*** Opening SOURCE DATA ***
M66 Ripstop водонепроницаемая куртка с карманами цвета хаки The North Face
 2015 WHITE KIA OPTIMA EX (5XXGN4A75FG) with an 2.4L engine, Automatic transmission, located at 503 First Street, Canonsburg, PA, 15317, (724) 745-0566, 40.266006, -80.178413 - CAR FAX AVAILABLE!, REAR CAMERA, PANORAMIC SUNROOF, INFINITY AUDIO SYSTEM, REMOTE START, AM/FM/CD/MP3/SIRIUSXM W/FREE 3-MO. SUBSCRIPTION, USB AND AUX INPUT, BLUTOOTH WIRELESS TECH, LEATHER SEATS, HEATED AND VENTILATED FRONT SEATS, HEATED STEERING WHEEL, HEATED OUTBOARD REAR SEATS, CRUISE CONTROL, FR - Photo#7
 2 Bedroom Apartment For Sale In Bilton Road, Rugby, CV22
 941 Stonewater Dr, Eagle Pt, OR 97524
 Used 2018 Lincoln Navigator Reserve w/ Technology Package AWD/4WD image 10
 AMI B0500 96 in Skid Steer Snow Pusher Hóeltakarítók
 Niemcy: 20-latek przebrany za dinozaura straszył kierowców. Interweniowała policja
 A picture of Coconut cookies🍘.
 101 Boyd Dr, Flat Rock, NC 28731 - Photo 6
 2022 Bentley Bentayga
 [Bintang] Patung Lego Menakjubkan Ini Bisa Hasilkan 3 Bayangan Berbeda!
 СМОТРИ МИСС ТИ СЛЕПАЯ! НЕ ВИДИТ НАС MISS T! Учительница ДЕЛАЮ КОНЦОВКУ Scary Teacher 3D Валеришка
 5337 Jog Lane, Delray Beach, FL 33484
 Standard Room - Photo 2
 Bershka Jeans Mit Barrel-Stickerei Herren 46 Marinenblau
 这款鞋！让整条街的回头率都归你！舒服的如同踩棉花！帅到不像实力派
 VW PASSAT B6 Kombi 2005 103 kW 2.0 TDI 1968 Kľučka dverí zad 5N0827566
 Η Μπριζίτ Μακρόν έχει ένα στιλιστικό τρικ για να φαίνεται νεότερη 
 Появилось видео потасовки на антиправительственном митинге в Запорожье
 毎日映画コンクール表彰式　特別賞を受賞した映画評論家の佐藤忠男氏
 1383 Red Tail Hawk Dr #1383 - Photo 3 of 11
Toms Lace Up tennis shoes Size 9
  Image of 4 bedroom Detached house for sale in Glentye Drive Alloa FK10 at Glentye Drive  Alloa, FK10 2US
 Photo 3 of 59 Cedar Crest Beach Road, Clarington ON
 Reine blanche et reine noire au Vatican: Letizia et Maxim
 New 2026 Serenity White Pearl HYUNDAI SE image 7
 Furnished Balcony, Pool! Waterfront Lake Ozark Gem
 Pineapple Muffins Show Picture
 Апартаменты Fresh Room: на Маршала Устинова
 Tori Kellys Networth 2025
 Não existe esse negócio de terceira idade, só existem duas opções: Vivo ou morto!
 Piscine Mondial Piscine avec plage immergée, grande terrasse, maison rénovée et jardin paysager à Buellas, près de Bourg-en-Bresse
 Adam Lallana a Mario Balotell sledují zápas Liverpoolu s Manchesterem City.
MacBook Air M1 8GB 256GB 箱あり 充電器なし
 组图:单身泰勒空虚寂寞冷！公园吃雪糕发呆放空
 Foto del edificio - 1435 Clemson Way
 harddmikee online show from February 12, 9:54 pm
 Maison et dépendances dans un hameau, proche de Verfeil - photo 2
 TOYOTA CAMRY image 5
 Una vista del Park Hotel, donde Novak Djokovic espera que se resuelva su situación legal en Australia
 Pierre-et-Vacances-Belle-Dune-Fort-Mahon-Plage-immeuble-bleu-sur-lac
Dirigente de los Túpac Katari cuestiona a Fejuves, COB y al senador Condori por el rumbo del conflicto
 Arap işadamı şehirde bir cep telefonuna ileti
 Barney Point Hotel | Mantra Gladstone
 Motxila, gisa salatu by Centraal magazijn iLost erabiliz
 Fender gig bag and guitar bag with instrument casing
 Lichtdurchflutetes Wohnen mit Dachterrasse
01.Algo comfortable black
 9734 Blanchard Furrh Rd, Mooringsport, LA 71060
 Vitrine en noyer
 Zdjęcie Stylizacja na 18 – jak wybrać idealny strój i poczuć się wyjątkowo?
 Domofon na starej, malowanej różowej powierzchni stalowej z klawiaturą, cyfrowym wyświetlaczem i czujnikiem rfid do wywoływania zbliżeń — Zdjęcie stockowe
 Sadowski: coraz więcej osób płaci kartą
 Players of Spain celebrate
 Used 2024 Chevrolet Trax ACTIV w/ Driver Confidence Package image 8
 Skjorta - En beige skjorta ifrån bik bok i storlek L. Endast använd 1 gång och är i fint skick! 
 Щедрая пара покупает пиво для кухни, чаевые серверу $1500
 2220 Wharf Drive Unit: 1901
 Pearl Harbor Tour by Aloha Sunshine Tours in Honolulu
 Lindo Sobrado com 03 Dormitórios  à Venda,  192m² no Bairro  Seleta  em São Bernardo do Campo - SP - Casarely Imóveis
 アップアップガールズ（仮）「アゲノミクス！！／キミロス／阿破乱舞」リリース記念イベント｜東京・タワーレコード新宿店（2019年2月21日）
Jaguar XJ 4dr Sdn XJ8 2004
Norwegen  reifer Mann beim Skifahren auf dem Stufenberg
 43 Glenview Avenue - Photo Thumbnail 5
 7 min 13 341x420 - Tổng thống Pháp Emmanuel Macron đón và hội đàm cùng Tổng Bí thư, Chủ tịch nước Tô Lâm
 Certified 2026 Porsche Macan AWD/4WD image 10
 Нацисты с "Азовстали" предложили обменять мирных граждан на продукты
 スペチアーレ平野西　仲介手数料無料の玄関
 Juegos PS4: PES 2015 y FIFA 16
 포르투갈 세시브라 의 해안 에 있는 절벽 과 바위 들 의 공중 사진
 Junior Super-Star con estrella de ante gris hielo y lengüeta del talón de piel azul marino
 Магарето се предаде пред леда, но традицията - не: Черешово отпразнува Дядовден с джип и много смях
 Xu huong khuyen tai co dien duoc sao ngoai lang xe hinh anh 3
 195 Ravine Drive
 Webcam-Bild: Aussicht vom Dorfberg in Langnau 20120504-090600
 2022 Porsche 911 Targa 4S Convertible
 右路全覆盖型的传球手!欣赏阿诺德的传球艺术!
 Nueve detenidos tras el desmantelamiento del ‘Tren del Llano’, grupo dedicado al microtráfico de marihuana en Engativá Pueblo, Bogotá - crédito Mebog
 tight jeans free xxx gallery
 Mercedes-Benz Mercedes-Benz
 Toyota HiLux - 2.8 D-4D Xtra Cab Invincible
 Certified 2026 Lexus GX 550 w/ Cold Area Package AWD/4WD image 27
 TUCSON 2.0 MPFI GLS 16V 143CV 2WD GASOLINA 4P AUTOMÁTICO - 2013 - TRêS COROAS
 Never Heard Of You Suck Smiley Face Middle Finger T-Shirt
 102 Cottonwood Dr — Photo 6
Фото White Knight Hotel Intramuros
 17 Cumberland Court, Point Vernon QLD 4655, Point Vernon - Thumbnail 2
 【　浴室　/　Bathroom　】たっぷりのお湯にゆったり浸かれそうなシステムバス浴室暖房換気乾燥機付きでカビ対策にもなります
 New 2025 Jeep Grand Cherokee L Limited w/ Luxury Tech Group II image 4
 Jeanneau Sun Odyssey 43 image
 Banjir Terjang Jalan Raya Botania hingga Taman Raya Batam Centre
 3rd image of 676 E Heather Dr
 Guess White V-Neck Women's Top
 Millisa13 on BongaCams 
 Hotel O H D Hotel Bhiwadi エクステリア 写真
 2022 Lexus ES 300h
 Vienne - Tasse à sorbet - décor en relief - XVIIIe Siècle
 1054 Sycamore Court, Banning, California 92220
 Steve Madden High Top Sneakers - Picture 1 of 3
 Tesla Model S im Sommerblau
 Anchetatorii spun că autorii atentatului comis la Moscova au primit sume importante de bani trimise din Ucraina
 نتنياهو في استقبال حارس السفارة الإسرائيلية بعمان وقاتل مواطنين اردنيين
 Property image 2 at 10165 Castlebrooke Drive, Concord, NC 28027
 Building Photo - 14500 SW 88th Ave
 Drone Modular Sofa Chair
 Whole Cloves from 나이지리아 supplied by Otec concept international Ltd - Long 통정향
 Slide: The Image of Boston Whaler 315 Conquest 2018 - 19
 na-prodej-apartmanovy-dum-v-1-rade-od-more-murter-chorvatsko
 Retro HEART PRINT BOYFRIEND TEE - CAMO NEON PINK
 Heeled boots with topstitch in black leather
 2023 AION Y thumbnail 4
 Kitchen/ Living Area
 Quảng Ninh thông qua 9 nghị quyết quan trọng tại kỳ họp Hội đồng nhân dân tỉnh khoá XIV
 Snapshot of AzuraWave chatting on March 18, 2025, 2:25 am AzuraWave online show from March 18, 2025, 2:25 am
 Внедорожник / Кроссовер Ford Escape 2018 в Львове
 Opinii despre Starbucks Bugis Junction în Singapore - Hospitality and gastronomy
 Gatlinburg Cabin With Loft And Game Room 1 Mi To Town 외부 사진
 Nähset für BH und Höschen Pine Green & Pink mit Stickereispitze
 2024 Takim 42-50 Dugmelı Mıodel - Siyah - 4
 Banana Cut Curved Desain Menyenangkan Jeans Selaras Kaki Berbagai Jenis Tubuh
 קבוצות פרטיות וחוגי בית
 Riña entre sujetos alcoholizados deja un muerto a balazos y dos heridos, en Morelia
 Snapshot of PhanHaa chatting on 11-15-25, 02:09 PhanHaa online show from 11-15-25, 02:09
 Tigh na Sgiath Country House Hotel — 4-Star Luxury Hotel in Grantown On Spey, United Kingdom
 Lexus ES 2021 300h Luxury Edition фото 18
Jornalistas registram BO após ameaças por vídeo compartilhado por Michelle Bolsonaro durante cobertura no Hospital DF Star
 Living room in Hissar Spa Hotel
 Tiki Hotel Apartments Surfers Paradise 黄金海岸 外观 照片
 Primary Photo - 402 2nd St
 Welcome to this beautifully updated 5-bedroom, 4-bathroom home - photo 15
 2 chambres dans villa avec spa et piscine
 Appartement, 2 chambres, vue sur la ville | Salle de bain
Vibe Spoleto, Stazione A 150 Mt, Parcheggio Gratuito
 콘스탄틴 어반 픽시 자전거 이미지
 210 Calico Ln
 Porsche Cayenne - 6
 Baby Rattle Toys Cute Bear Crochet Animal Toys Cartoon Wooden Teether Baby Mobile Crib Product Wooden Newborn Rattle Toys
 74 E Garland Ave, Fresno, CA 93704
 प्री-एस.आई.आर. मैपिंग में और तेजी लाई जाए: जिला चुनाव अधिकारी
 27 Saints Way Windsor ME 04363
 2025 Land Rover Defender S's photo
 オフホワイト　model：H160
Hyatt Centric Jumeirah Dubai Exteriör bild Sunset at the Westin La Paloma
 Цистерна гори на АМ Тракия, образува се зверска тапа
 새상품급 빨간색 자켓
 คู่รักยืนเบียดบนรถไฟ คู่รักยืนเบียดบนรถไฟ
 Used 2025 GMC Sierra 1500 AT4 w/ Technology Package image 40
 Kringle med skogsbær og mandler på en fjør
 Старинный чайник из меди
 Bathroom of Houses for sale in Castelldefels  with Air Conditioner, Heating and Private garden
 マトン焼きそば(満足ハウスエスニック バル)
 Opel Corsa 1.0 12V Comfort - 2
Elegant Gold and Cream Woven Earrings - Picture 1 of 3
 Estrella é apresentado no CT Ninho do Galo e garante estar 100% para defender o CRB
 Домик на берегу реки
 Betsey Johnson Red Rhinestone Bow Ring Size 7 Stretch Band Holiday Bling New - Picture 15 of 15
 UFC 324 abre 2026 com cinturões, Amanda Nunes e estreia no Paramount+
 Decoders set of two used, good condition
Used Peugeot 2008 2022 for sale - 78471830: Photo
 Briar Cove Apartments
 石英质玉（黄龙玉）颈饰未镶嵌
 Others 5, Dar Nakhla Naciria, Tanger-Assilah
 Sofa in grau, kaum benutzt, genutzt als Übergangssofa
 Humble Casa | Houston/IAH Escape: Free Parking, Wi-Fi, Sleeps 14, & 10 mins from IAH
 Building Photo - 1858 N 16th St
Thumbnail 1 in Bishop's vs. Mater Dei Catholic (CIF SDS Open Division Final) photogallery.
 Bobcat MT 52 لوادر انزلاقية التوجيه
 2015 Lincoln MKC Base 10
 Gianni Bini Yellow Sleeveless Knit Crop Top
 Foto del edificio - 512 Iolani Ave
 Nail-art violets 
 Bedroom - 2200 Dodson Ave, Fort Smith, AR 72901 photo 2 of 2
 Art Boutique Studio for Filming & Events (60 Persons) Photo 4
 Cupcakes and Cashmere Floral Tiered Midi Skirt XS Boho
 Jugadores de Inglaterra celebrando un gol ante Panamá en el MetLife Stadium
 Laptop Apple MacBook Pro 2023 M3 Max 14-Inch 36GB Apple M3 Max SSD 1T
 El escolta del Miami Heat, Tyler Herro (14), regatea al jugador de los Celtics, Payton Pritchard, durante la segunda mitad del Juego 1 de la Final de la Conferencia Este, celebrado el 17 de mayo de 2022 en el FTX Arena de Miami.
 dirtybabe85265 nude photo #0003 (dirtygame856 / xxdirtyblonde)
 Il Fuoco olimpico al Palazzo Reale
*** Closing SOURCE DATA ***
In the entries above, one line contains "Toyota HiLux - 2.8 D-4D Xtra Cab Invincible" and another contains "Jeanneau Sun Odyssey 43 image". Reproduce exactly those two lines and the lines between them, nothing else.

 Toyota HiLux - 2.8 D-4D Xtra Cab Invincible
 Certified 2026 Lexus GX 550 w/ Cold Area Package AWD/4WD image 27
 TUCSON 2.0 MPFI GLS 16V 143CV 2WD GASOLINA 4P AUTOMÁTICO - 2013 - TRêS COROAS
 Never Heard Of You Suck Smiley Face Middle Finger T-Shirt
 102 Cottonwood Dr — Photo 6
Фото White Knight Hotel Intramuros
 17 Cumberland Court, Point Vernon QLD 4655, Point Vernon - Thumbnail 2
 【　浴室　/　Bathroom　】たっぷりのお湯にゆったり浸かれそうなシステムバス浴室暖房換気乾燥機付きでカビ対策にもなります
 New 2025 Jeep Grand Cherokee L Limited w/ Luxury Tech Group II image 4
 Jeanneau Sun Odyssey 43 image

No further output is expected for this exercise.